Além disso, o Valentino Red era sinônimo de poder, sendo a principal escolha de figuras importantes e atrizes, como Anne Hathaway, Penélope Cruz, Nicole Kidman, Jennifer Garner, e mais.

A era do glamour absoluto
A Maison Valentino dominou os tapetes vermelhos, em especial a partir dos anos 80. Nessa fase da marca, os vestidos longos, com acabamento impecável, e feitos de tecidos nobres como seda, chiffon, veludo e tafetá eram exuberantes na medida.
Cinturas marcadas, ombros definidos (mas de forma sutil), saias amplas também faziam parte do trabalho da Valentino. Para além disso, as pedrarias, aplicações, rendas e bordados feitos à mão existiam, mas sempre equilibrados.
O icônico “Vestido da Paz”
A Valentino misturou moda e política em 1991, através da peça nomeada como “Vestido da Paz”, da coleção Primavera/Verão daquele ano.

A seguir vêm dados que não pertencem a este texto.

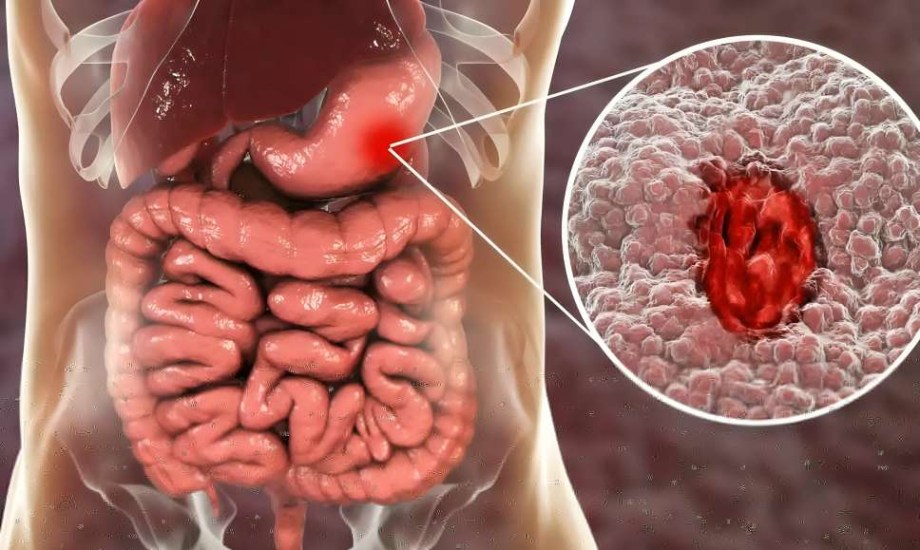 قرحة الأمعاء تزيد خطر الإصابة بالشلل الرعاش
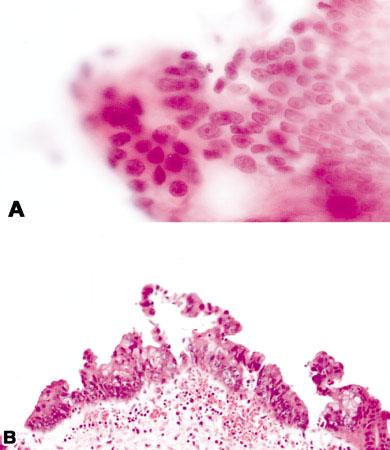 FNA of Pancreatic Tumors/Recine et al. 95 FIGURE 1. High-grade mucinous cystic neoplasm.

O vestido era totalmente branco, com a palavra “PAZ” bordada em 14 idiomas, como um protesto contra a Guerra do Golfo, que havia começado em agosto de 1990.

Fiel ao próprio DNA
Nos anos 90, a moda teve um grande salto. Enquanto o streetwear surgia com força, bem como a estética “messy”, a Maison Valentino decidiu não romper com o DNA. Os bordados, os vestidos de gala e as silhuetas femininas e românticas continuaram em alta nas peças da marca.
Desta forma, a marca continuou relevante no universo da alta-costura.
A despedida
Em 2008, Valentino se despediu das passarelas. O momento escolhido foi a semana de alta-costura, no Musée Rodin: um cenário clássico, que casou perfeitamente com a coleção que resumia todo o trabalho do estilista ao longo de 50 anos.
A despedida foi feita ao som de “My Way”, de Frank Sinatra, quando Valentino entra na passarela visivelmente emocionado ao lado de Giancarlo Giammetti.
O que aconteceu depois?
A ideia da marca sempre foi inovar sem mudar a estética do criador. Logo após a despedida, a direção criativa ficou com Maria Grazia Chiuri e Pierpaolo Piccioli, que já trabalhavam na casa.
Nessa fase, a Maison Valentino trazia peças um pouco menos rígidas, justamente por serem mais afinadas com o contemporâneo.
Em 2022, só com Pierpaolo Piccioli na identidade visual, a marca conquistou a geração Z com o tom Pink PP. Esse é um rosa autoral e vibrante, assim como o Valentino Red.
Um legado eterno
O legado de Valentino para a moda italiana e mundial não é passageiro. Ao criar códigos visuais icônicos, como o Valentino Red, a roupa deixa de ser sobre uma tendência efêmera e passa a alcançar um status que atravessa décadas.
Após sua morte, a Vogue Italiana homenageou o designer com uma capa totalmente vermelha em referência à sua vida e obra.